Si ma mémoire est bonne, le Transfert canadien en matière de programmes sociaux se chiffre à 3 p. 100, le Transfert canadien en matière de santé est de l'ordre de 6 p. 100, et je crois que le gouvernement a prévu un taux de 6 p. 100 à l'avenir. Même dans le cas des paiements de péréquation fiscale, il y a eu des hausses immédiates frisant les 9 p. 100 pendant deux ans, et ensuite un taux de 3,5 p. 100 pendant les 10 prochaines années. C'est donc le traitement accordé à ces programmes qui aident à financer les programmes et services dont nous jouissons.

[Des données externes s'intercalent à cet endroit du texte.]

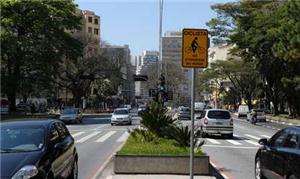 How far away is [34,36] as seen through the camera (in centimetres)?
5881

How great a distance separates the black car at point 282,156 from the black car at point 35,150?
4228 millimetres

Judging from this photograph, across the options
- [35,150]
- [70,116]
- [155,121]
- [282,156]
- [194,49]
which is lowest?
[282,156]

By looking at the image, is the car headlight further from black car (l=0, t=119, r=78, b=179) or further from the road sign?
the road sign

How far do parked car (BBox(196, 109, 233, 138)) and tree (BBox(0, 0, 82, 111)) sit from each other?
28.2 metres

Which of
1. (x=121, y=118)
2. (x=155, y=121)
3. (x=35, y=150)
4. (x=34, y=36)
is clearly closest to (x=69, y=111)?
(x=121, y=118)

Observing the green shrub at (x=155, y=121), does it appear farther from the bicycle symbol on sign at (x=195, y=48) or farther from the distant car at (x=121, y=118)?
the distant car at (x=121, y=118)

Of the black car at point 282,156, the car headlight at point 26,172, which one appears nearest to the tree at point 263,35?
the black car at point 282,156

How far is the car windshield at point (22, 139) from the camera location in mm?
10691

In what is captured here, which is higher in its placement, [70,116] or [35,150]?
[70,116]

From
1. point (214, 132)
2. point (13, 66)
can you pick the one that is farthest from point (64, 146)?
point (13, 66)

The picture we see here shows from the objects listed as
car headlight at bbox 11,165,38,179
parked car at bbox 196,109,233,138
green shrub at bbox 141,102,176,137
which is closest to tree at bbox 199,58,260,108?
parked car at bbox 196,109,233,138

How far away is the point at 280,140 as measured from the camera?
12336mm

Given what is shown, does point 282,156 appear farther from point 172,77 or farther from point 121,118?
point 172,77

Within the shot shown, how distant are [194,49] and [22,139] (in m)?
3.70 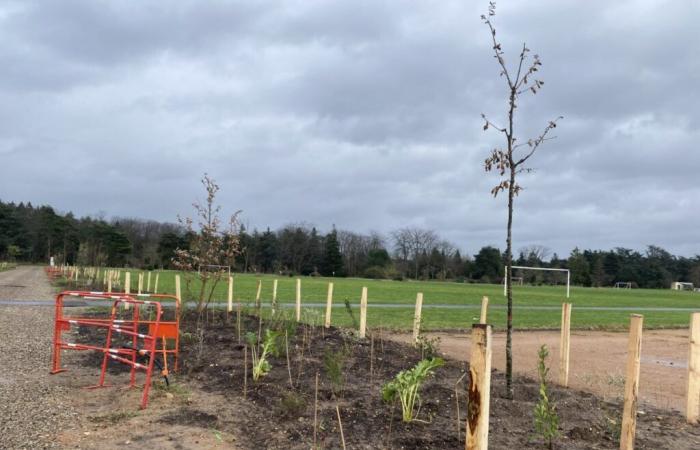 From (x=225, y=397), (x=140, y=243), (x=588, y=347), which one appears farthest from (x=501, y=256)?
(x=225, y=397)

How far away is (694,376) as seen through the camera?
6703 mm

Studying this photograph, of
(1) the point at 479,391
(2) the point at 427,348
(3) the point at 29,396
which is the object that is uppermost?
(1) the point at 479,391

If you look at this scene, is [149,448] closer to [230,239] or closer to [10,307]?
[230,239]

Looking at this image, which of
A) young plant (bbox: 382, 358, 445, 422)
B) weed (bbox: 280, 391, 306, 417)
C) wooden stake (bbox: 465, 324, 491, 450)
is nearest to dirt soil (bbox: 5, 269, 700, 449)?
weed (bbox: 280, 391, 306, 417)

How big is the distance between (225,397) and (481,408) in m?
4.42

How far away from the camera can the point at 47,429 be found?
5762mm

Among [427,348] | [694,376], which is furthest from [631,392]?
[427,348]

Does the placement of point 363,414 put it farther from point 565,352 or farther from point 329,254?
point 329,254

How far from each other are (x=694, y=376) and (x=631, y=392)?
2.16 meters

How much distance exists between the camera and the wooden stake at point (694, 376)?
21.7ft

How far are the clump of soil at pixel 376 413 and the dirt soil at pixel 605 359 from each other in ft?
4.23

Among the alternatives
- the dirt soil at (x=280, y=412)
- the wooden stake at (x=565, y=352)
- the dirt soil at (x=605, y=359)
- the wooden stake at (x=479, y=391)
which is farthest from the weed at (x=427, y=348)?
the wooden stake at (x=479, y=391)

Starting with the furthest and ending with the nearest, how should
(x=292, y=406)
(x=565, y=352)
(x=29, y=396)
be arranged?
(x=565, y=352), (x=29, y=396), (x=292, y=406)

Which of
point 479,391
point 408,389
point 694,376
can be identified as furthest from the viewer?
point 694,376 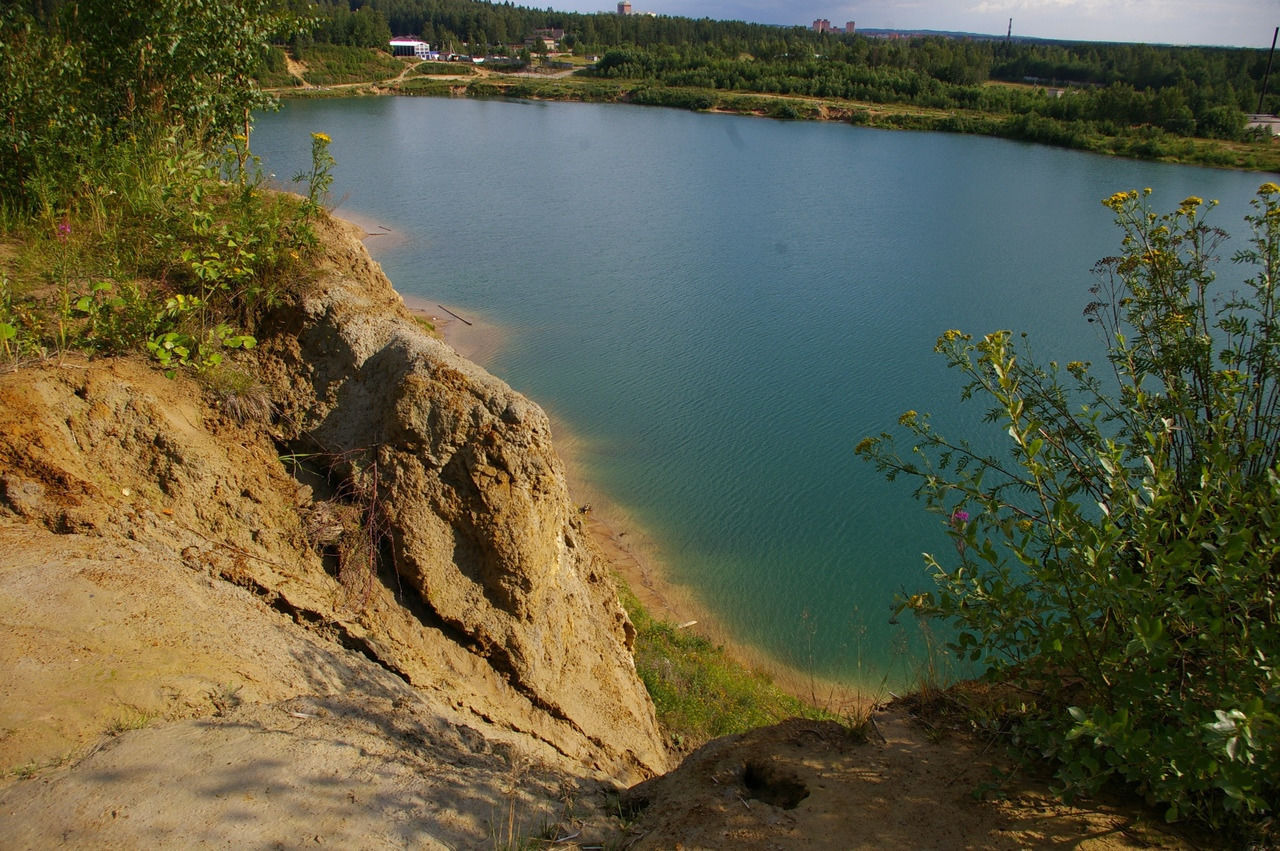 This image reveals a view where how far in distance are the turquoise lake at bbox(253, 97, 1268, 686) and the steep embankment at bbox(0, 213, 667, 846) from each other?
4072mm

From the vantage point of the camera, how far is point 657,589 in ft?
37.3

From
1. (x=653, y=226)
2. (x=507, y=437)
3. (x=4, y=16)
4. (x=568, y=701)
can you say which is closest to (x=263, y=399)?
(x=507, y=437)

Dans le cas des Premières Nations, cependant, le taux a été fixé à 2 p. 100. Madame la sénatrice, il me semble que le point de départ serait un taux d'indexation juste qui couvre tout au moins l'inflation et la croissance démographique. Sinon, tout ce que l'on investit est rongé ailleurs.

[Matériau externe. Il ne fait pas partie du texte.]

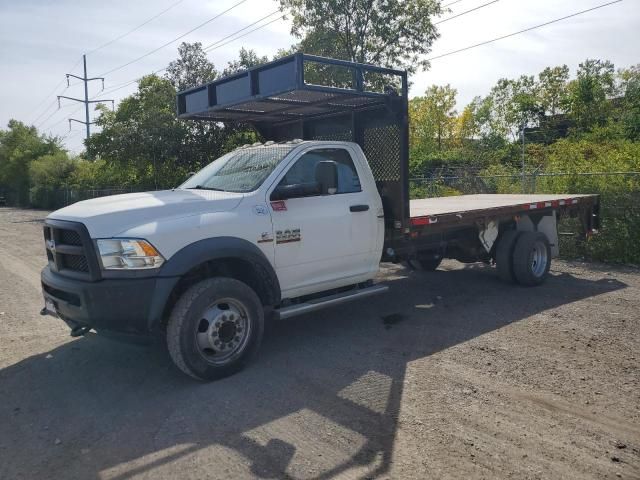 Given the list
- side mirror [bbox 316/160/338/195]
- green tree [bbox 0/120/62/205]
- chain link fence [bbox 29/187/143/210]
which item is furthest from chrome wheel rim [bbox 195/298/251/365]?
green tree [bbox 0/120/62/205]

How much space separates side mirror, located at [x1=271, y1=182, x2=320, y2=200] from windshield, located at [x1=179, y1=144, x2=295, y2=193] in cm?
20

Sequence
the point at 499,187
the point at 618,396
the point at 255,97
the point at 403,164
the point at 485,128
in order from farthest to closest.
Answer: the point at 485,128 → the point at 499,187 → the point at 403,164 → the point at 255,97 → the point at 618,396

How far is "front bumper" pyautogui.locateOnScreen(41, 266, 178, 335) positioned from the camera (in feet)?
14.3

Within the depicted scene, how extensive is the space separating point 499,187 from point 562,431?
1166cm

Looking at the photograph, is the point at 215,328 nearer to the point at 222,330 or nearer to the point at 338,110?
the point at 222,330

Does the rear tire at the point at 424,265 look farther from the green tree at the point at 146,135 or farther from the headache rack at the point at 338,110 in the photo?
the green tree at the point at 146,135

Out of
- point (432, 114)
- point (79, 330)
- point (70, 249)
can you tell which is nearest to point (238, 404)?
point (79, 330)

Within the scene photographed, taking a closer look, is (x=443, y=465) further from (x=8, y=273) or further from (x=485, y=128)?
(x=485, y=128)

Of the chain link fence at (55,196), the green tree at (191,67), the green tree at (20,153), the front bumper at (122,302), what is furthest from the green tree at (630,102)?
the green tree at (20,153)

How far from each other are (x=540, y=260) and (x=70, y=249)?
21.8 feet

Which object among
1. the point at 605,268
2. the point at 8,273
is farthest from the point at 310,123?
the point at 8,273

Le sénateur Watt : Merci pour votre exposé. Je crois qu'il est important d'entendre une personne qui connaît le contexte et qui a des recommandations à faire.

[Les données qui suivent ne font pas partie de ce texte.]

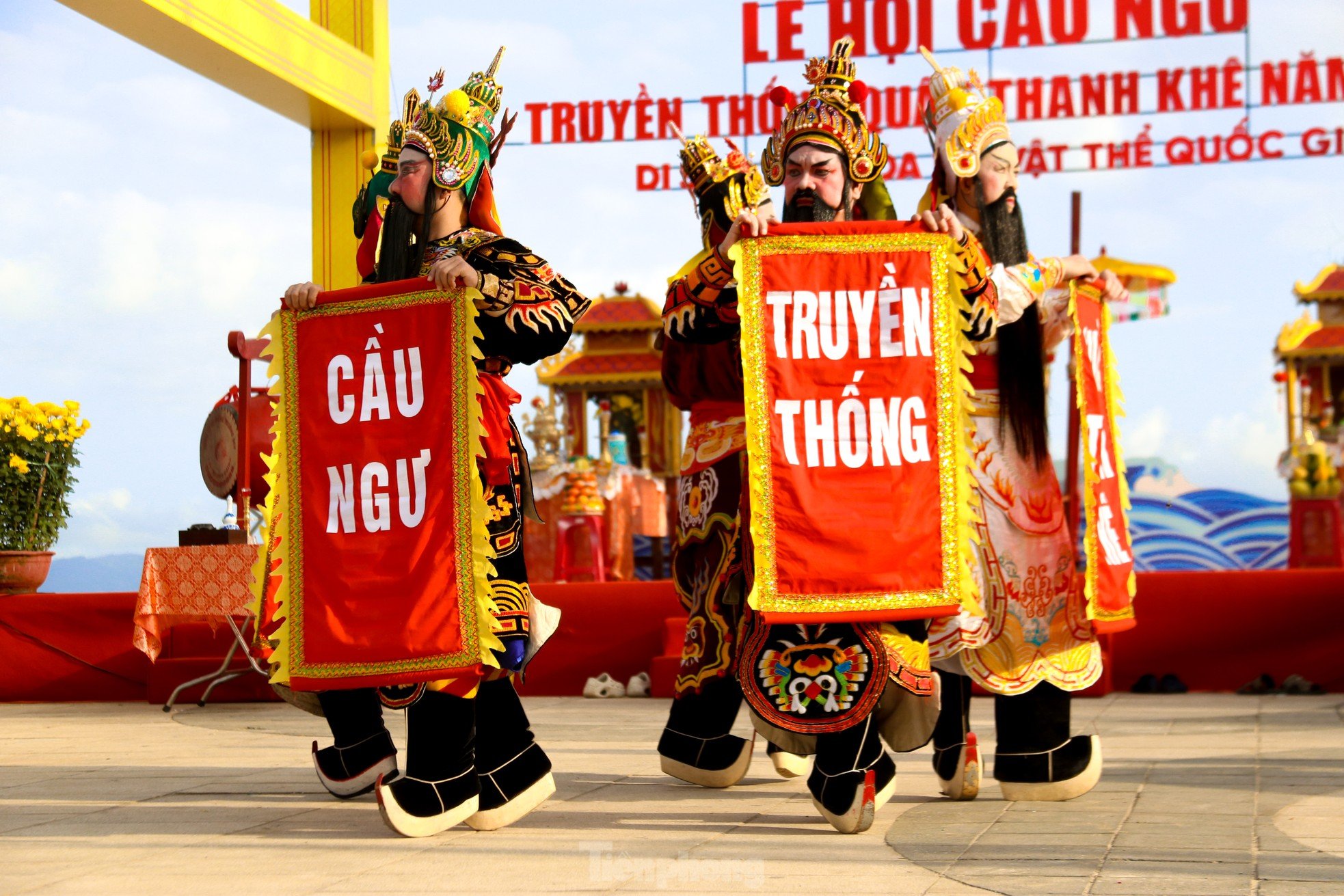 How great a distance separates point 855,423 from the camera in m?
3.03

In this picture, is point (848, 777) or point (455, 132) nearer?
point (848, 777)

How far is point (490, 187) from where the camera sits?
3.34 meters

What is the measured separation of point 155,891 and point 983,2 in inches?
514

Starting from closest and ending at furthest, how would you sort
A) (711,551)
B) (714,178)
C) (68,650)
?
(711,551) < (714,178) < (68,650)

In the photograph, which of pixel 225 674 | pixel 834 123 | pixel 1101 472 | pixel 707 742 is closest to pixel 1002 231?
pixel 834 123

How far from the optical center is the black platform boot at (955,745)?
338cm

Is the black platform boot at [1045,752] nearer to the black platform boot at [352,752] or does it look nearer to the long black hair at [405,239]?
the black platform boot at [352,752]

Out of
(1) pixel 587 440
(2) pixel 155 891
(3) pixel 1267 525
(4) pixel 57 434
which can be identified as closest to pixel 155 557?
(4) pixel 57 434

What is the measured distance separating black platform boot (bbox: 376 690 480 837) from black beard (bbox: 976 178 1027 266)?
1.56m

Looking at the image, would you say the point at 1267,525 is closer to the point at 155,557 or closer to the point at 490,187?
the point at 155,557

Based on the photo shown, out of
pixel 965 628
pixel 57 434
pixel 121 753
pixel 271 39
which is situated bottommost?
pixel 121 753

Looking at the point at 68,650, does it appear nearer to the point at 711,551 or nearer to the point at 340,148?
the point at 340,148

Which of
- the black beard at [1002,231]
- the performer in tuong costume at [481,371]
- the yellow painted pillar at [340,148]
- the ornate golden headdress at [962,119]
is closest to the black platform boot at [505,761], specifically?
the performer in tuong costume at [481,371]

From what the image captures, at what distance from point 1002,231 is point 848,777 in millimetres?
1326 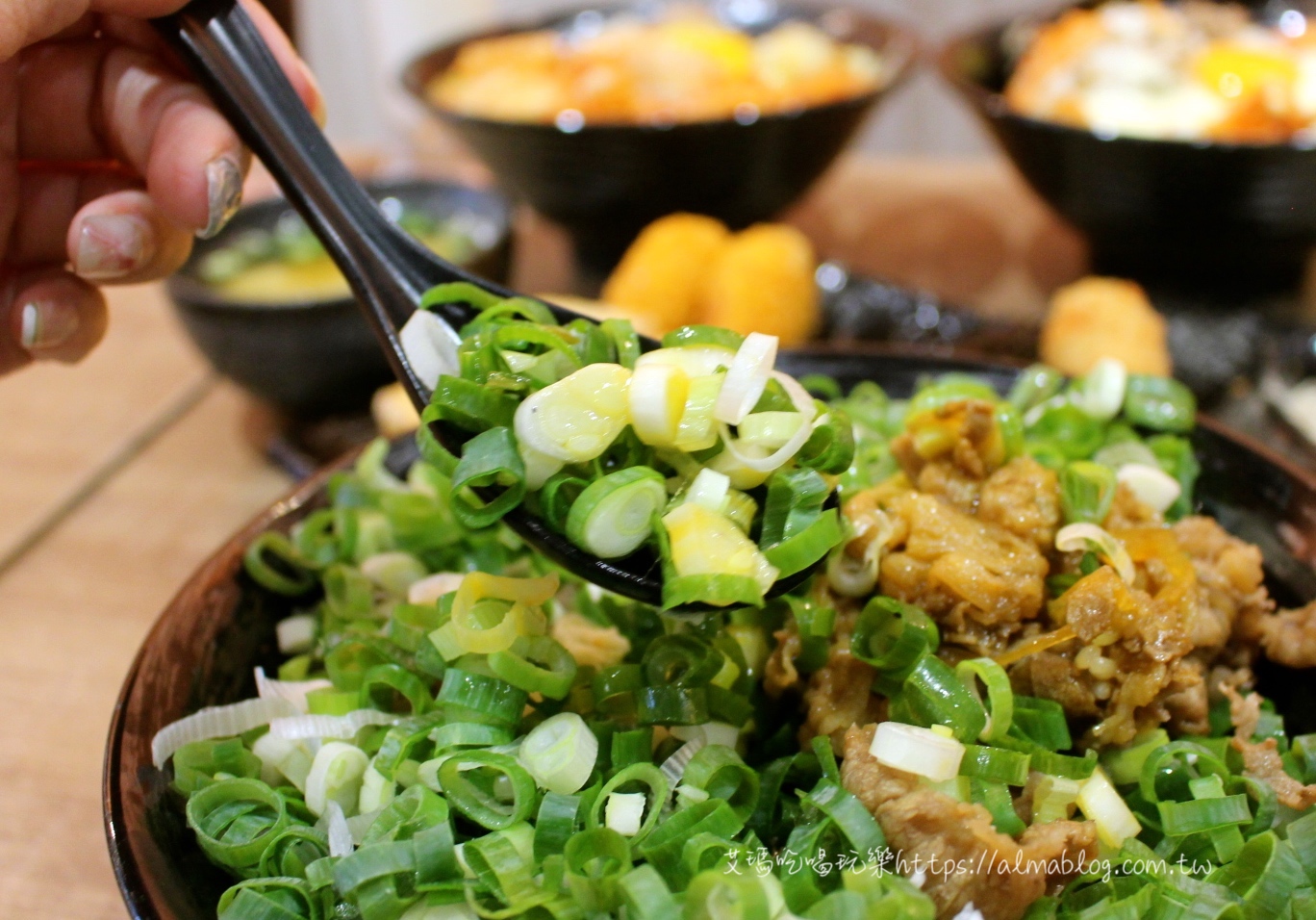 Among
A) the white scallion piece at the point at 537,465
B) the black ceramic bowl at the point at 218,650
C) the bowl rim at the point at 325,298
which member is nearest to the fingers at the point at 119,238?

Permettez-moi d'essayer de comprendre ce que nous devons faire, en tant que membres de ce comité, une fois que nous aurons enfin terminé notre travail et que les recommandations devront être formulées. Nous avançons peu à peu.

Tout d'abord, j'aimerais vous dire que je vous ai bien entendu, et que je comprends et je constate le problème. Qui sont les gens dans votre ministère qui prennent les décisions finales quant aux allocations, en sachant très bien qu'il n'y a pas d'autres fonds sur lesquels vous pouvez compter lorsque le budget sera épuisé? Qui sont ces gens? Est-ce le ministère des Affaires indiennes sous la direction du sous-ministre? Est-ce un problème politique ou administratif? À qui avons-nous affaire ici?

M. Serson : Je ne peux vous parler que de ce que j'ai fait moi-même, sénateur. La réaffectation de telles sommes serait tout d'abord la responsabilité des sous-ministres adjoints, qui le proposeraient au comité de la haute direction du ministère chargé de prendre la décision. Je crois certainement que le ministre serait mis au courant de la réaffectation de telles sommes ainsi que de son incidence. À mon époque, moi, j'aurais voulu en informer le ministre.

Une fois que le budget des dépenses est adopté et que le budget a été fixé, c'est le budget du ministère, à moins qu'il n'y ait une crise aiguë qui fait qu'il faut se retourner vers les agences centrales.

Le sénateur Watt : Ma prochaine question vise à savoir si l'Assemblée des Premières Nations participe aux discussions concernant la prise de décisions. Est-ce le cas?

M. Serson : Je ne saurais vous dire si l'assemblée y participe de nos jours. Nous avons réagi au rapport de la CRPA; c'était en 1996, il me semble. Vous vous souviendrez que la ministre à l'époque avait décrit la relation qu'elle voulait entretenir avec les peuples autochtones comme étant un partenariat. Nous avons donc commencé à collaborer de plus près sur des questions, afin d'essayer d'expliquer notre situation financière et les conséquences. Je ne veux pas laisser entendre qu'on a pris des décisions conjointement, mais il y avait tout au moins un dialogue ouvert sur les décisions et leurs conséquences.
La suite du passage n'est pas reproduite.